Jean Dujardin incarne à trente-deux ans un personnage qu'il a
créé à vingt-quatre ans. Sa maturité a-t-elle
modifié, d'une manière ou d'une autre, l'image de Brice
?
Oui. Jean est aujourd'hui père de deux enfants, il est devenu un
homme avec une sensualité affirmée. Une sensualité
en totale contradiction avec son personnage de Brice resté bloqué
à l'adolescence. Ce paradoxe renforce le charme et la complexité
de Brice, lui donne plus d'épaisseur. Aujourd'hui, Brice est aussi
un surfeur hyper sexy malgré lui.
Quel genre d'indications de jeu donniez-vous à Jean Dujardin ?
Brice est un personnage qui demande 300 pour cent d'investissement. Une
énergie folle. C'est facile sur une journée, mais Jean était
de tous les plans, tous les jours. Mon principal travail était
de lui insuffler l'énergie que Brice nous prenait à tous
les deux. On était cassés à la fin de
chaque journée de tournage ! Le rôle de Brice demande une
grande précision.
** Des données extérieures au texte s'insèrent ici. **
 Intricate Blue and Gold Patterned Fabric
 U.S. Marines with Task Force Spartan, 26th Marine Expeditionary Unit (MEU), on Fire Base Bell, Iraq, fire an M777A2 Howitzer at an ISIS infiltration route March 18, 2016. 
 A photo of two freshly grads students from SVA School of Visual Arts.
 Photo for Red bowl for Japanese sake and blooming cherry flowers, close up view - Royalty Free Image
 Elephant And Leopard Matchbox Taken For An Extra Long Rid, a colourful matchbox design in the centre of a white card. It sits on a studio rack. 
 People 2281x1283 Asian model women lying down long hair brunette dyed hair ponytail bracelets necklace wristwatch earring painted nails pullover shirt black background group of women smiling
Il doit être interprété avec
autant d'extravagance que de justesse émotionnelle. C'est une performance
d'acteur qui oblige à une très grande concentration et à
un travail acharné.
Concernant les autres comédiens, pourquoi avoir choisi Clovis
Cornillac et Elodie Bouchez qui viennent d'univers totalement opposés
?
Je n'avais qu'une préoccupation : prendre les acteurs les plus
talentueux possible. Et j'ai eu beaucoup de chance. Le professionnalisme
de Clovis me sidère. Il capte tout, tout de suite. Il a tout compris
à la lecture du script. En trois minutes, il avait cerné
le personnage de Marius, ses failles, sa complexité. Avec lui,
toutes les prises sont bonnes. Et dès que vous dites "coupez",
il prend soin de tous ceux qui l'entourent afin que le tournage se déroule
dans la plus parfaite harmonie. Il est d'une immense gentillesse. C'est
un acteur très doué. Elodie, quant à elle, n'a plus
rien à prouver. J'ai toujours estimé que le cinéma
sous exploitait son côté solaire. Pourtant, elle crève
l'écran. C'est un personnage romantique, au sens plein du terme.
Elle appartient aux contes de fées, à l'univers de Tim Burton.
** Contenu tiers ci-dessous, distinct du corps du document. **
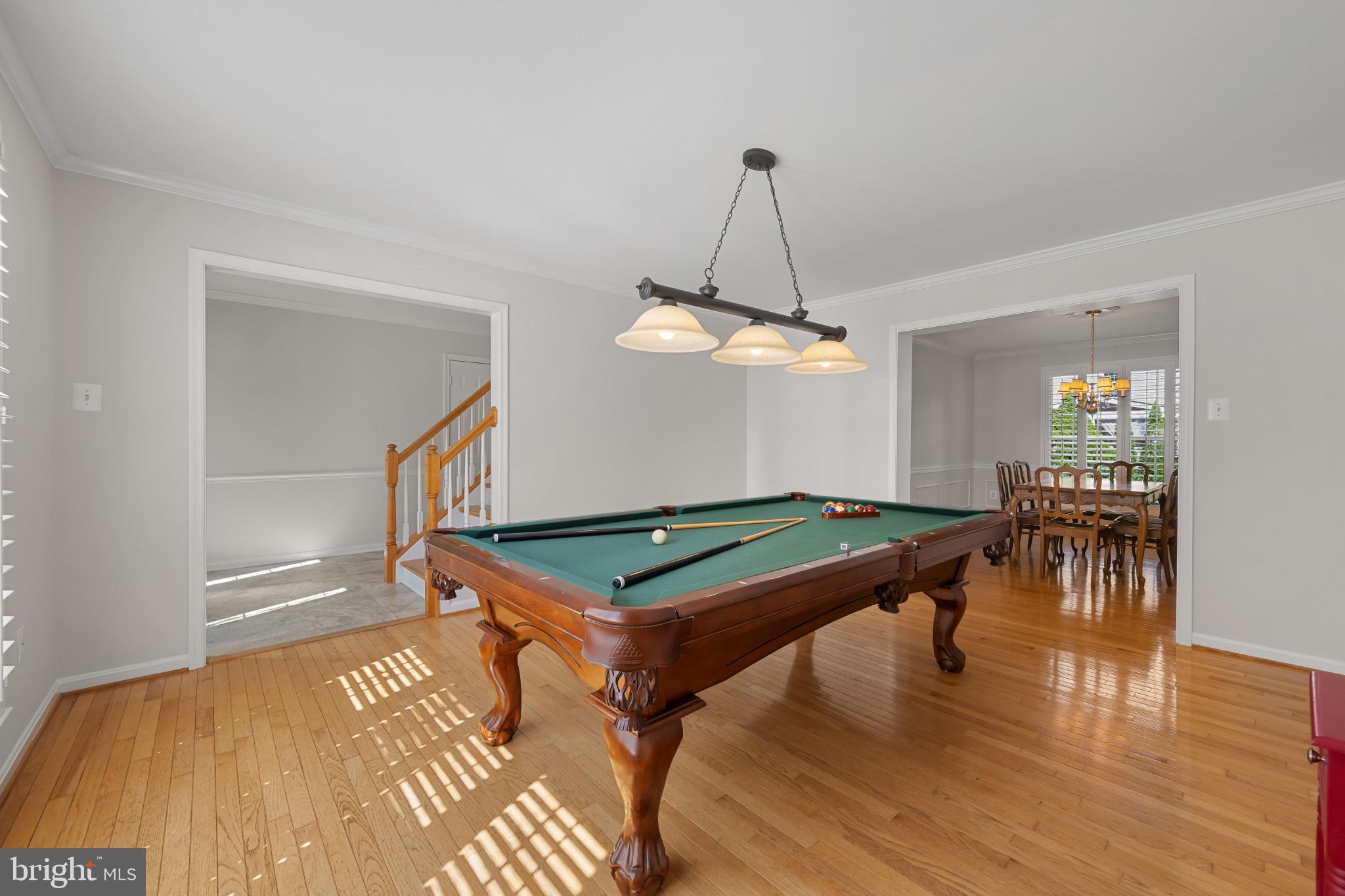 2603 Spartan Road Olney, MD 20832 - Photo 6 of 62 a room with lots of furniture and a chandelier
Elle a cette fragilité et cette magie-là. Elle m'a beaucoup
inspiré.
Et Bruno Salomone ?
Bruno est une vraie rencontre. Un homme vraiment très drôle.
C'est aussi un excellent comédien d'une grande sensibilité
et qui n'a pas peur de tout donner. Il est aussi hyper sexy. J'aime son
côté latin lover. Il a vraiment plusieurs facettes, une palette
qui donne envie d'être exploitée. On n'a qu'une envie, c'est
de tourner à nouveau avec lui. Un mot également sur Alexandra
Lamy : je me souviens d'elle dans son costume de sirène, suspendue
la tête à l'envers ou à cinq mètres sous l'eau
avec sa mono palme et sa longue queue
toujours souriante. Et en
plus, elle devait jouer la coquine ! J'espère un jour pouvoir la
diriger dans un rôle plus important, à sa mesure. Un des
secrets de ce film est d'avoir eu des acteurs aux qualités professionnelles
et humaines hors pair.
Quel souvenir gardez-vous du tournage malgré les divers problèmes
rencontrés ?
Comme je vous le disais, l'aventure humaine a été extraordinaire.
Ça nous a permis de garder la pêche malgré tous les
incidents : beaucoup d'intempéries et surtout un incendie criminel
qui a détruit le décor du bar de la plage la veille du tournage.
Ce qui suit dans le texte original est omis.